But this still being a budget system, I had no desire to try to build a crossover where the parts cost more than the woofer, and further, since these speakers were really "test mules" for trying different drivers, I didn't want to get bogged down designing elaborate notch filters or contour networks specific to this woofer. I wanted to keep the design relatively straightforward. I settled on a Linkwitz-Riley 12-db per octave design with a couple of twists. I set the crossover frequency for the woofer at about 3,000 Hz, but the crossover frequency for the tweeter at 4,500 Hz, maybe a bit high, since I also added a 4-ohm, 5-watt resistor in series with the tweeter, which not only pads down the tweeter but has the effect of increasing the tweeter impedence. The final tweak was a continuously-variable L-pad on the tweeter to alow for fine tuning. In looking at this design there is some chance that I have managed to create a response dip in the 3,000 -4500 Hz range, but careful study of the odd peaks in the upper frequency response of the woofer suggests that perhaps this would not be a bad idea. While lacking elaborate test equipment, I will certainly be listening for response irregularities in that region.

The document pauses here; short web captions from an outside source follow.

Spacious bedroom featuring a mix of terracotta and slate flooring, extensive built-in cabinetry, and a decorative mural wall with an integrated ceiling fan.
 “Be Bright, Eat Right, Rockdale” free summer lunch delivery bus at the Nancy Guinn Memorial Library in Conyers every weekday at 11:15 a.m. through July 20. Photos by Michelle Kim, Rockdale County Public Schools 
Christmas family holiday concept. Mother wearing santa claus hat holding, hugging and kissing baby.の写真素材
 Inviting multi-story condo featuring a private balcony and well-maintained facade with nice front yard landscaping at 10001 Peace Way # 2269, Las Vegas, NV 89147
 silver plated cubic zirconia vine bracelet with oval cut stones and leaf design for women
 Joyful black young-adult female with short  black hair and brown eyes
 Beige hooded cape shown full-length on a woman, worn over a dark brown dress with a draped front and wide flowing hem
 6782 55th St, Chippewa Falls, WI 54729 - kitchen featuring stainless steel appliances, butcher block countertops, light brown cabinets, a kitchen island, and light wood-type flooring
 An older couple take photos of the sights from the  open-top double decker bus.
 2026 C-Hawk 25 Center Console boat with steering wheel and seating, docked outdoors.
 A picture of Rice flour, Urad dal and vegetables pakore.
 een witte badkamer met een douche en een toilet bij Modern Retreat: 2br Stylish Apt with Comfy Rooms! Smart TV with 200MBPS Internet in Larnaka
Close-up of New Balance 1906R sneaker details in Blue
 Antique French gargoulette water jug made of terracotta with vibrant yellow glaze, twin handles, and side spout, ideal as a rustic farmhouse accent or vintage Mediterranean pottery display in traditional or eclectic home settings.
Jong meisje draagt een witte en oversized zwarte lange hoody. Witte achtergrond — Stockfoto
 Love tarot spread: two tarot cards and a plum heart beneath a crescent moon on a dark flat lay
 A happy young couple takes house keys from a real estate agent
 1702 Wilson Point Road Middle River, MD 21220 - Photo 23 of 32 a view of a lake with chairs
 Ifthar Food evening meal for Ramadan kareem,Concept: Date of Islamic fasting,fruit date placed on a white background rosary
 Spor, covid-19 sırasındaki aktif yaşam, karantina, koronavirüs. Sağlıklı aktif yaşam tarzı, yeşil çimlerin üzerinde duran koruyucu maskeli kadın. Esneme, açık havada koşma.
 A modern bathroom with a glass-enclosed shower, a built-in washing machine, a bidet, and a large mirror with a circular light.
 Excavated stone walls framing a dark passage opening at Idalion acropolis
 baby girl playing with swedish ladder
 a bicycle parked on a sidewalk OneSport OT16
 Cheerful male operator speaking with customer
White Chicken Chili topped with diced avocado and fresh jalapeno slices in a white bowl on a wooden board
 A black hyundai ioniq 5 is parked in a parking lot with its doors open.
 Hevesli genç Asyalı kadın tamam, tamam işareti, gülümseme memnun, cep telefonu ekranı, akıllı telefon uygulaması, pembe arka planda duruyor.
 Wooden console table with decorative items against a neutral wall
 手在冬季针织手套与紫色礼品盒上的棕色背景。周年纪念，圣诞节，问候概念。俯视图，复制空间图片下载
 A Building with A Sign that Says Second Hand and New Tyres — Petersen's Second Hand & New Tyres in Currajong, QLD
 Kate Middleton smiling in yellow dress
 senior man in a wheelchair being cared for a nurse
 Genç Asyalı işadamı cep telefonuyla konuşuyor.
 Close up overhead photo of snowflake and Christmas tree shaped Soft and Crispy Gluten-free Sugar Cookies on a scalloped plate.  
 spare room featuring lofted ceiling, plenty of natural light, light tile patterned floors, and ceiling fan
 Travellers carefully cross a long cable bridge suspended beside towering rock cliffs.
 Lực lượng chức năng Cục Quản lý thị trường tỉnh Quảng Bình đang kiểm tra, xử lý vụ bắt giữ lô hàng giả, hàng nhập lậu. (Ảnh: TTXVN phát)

The crossover boards were made from two scrap pieces of 5 ˝ inch wide x 5 ˝ inch long 3/16 inch poplar (Lowes) That just fits through the woofer hole with a fraction of an inch to spare. First, I sketched the crossover design on the poplar with a sharpie, to determine where the wires and parts would go. I then salvaged the bare copper wire from 16-gauge electrical wiring, and "sewed" the wire through the board to create the connections to be soldered. Thus, not all the connections can be seen from the top of the board. The heavy wire works pretty well in that it gives a secure spot to wind each component wire around, and acts as a heat sink to protect the components when soldering. The wires goint to the woofer and tweeter were salvaged from 16 gauge extension cords that have bad ends (a favorite source for cheap, heavy-gauge wire. Inductors were attached with a generous amount of hot glue

Ok so back to the cabinet assembly. Once the front, back and sides of the cabinets were complete, these were screwed and glued together with liquid nails (sturdy but quite a cleanup mess) the next step was to install the angled top panels and drill holes for the drivers, L-Pad and terminal cup. I had purchased MDF designed for shelving with a wood-grained surface, in hopes that some of this wood grain would show through, but this idea did not work wery well, and I ended up sanding nearly all of it off. What did remain, however was the rounded shelf-edge lip, which gave a nice routed appearance at the front of each side panel.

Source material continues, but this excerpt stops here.